Despropósitos

Hace unos años cualquier despropósito con dinero público era posible siempre que fuese lo suficientemente caro. Las ciudades están llenas de inmuebles que costaron tanto dinero levantarlos, que luego no quedó presupuesto para llenar su interior. Por el procedimiento de tirar la casa por la ventana desde las arcas públicas disponemos en toda la geografía española de un buen número de edificios que no albergan nada, algún que otro aeropuerto sin aviones y estaciones de AVE donde casi nunca estaciona nadie. Hay Administraciones que han alcanzado logros increíbles: levantar un museo que abrió un único día; inaugurar un centro de arte contemporáneo que solo ha albergado una exposición o construir un tranvía cuyos vagones han tenido que emigrar a Australia.

Las plusvalías del ladrillo hicieron que demasiados políticos quisieran pasar a la posteridad con una obra faraónica. Y así, cualquier alcalde de provincia soñó para su ciudad con un proyecto de Frank Gehry, Richard Meier o Norman Foster, por más estrambótico que fuese el inmueble imaginado. Con esa lluvia de millones gastados se levantaron magníficos edificios, pero también horteradas de las más diversas índoles. Cualquier recorrido por una autovía cercana al litoral es un magnífico escaparate de hasta dónde puede alcanzar el mal gusto de un promotor inmobiliario. El boom de la construcción desbarató el discurso de las ciudades sostenibles, que pasaron a ser ciudades sostenidas a base de recalificaciones millonarias y cemento. Cuanto más cemento mejor.

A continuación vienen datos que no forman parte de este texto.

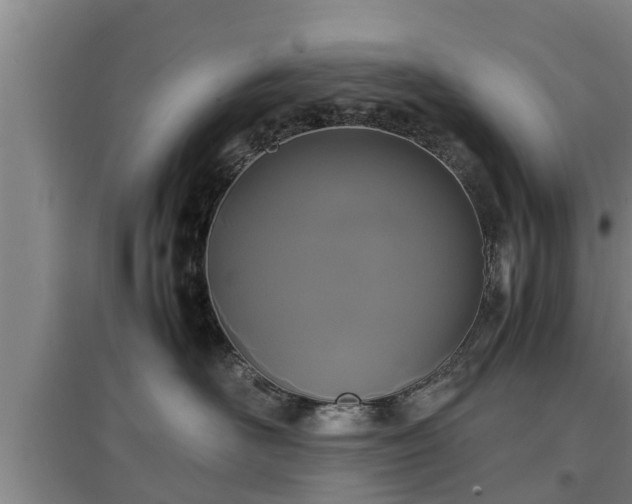 X0000097460526200802291239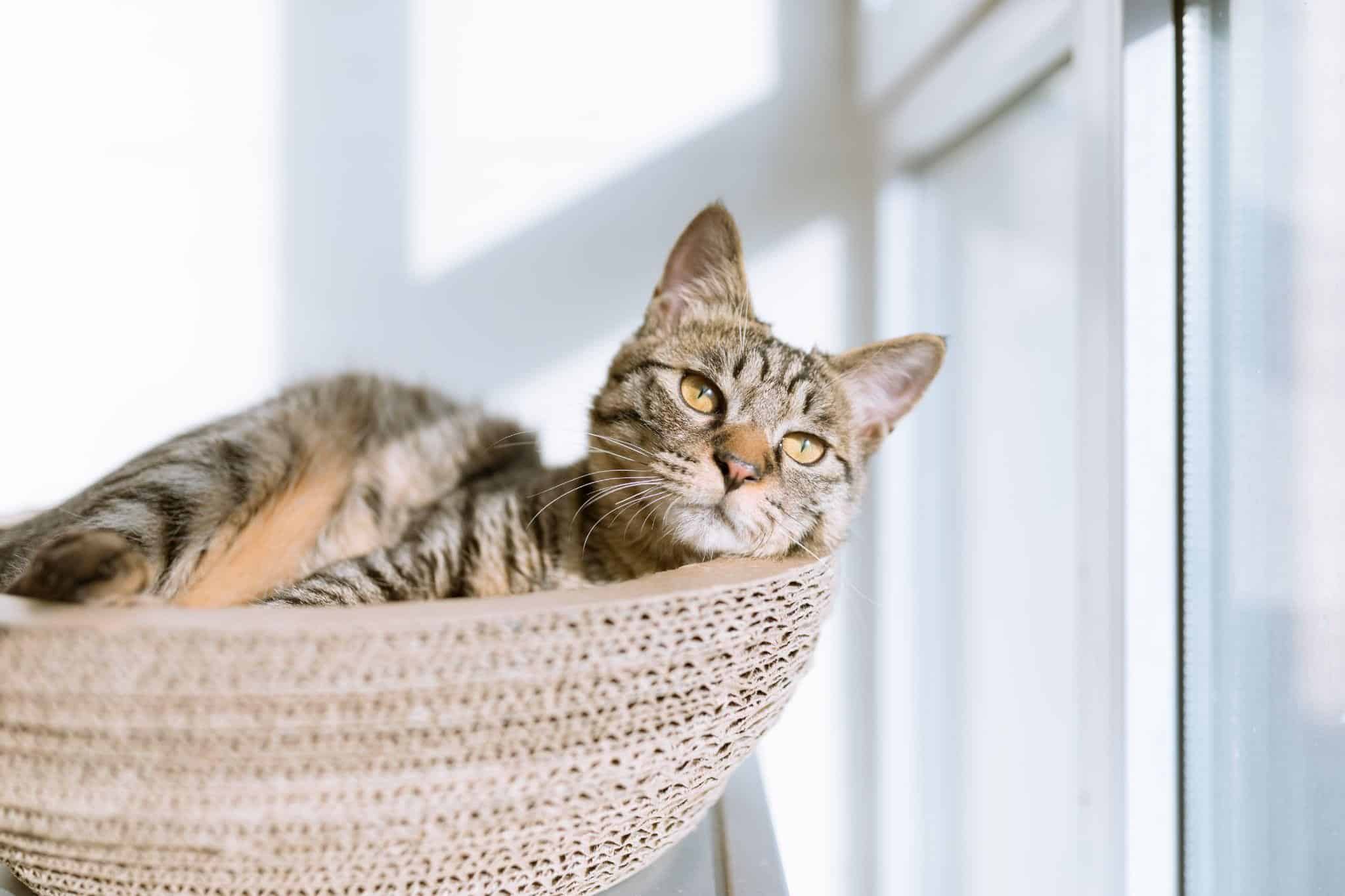 best cat beds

Con la crisis, muchos de esos Ayuntamientos se encontraron con que tenían un problema que se había convertido en dos. Un edificio que cuesta una millonada, mantenerlo suele costar una segunda millonada. Y ahora resulta que disponemos de un buen número de inmuebles que, incluso estando vacíos, necesitan un riego constante de dinero público para que no se venga abajo antes de que sirvan para algo. En este país, donde hay autovías que no llegan a sitio alguno, o que se cortan por la mitad en medio de un descampado, cada día nos sorprende menos este despilfarro de dinero público y resulta desalentador como se entierran millones de euros en obras inacabadas sin que se les pida explicaciones a los que las iniciaron. Y, también, a los que se comprometieron a financiarlas.

El Estado y las comunidades autónomas no fueron ajenos a este desvarío. Había dinero para conectar España por cielo, mar y tierra. Y el futuro eran los trenes de alta velocidad, cuyo desarrollo llamó la atención al mismísimo Barack Obama, que llegó a afirmar que iba a trasladar el modelo español a Estados Unidos. En Andalucía, la Junta creyó que esta vez no se le escapaba el tren del progreso. Y qué mejor tren en el que montarse que en el de la alta velocidad. Y se anunció un ambicioso plan con un pomposo nombre: Plan de Infraestructuras para la Sostenibilidad del Transporte en Andalucía. Dicho en otras palabras, la conexión por AVE de todas las capitales andaluzas.

La realidad final de todo es bien diferente. Al catálogo español de infraestructuras sin uso, se ha sumado una impresionante obra que no sirve para nada. La Junta ha gastado 279 millones de euros en una línea de alta velocidad que empieza en Antequera y termina en un descampado en Marchena. Iba a ser la conexión entre Málaga y Sevilla, pero ni hay dinero en Andalucía para seguir adelante ni el Estado quiere hacerse cargo de la obra ni concluir los trabajos. Y así estamos, con 77 kilómetros de vías, con su medio centenar de puentes y viaductos, que te llevan, directamente, a ninguna parte.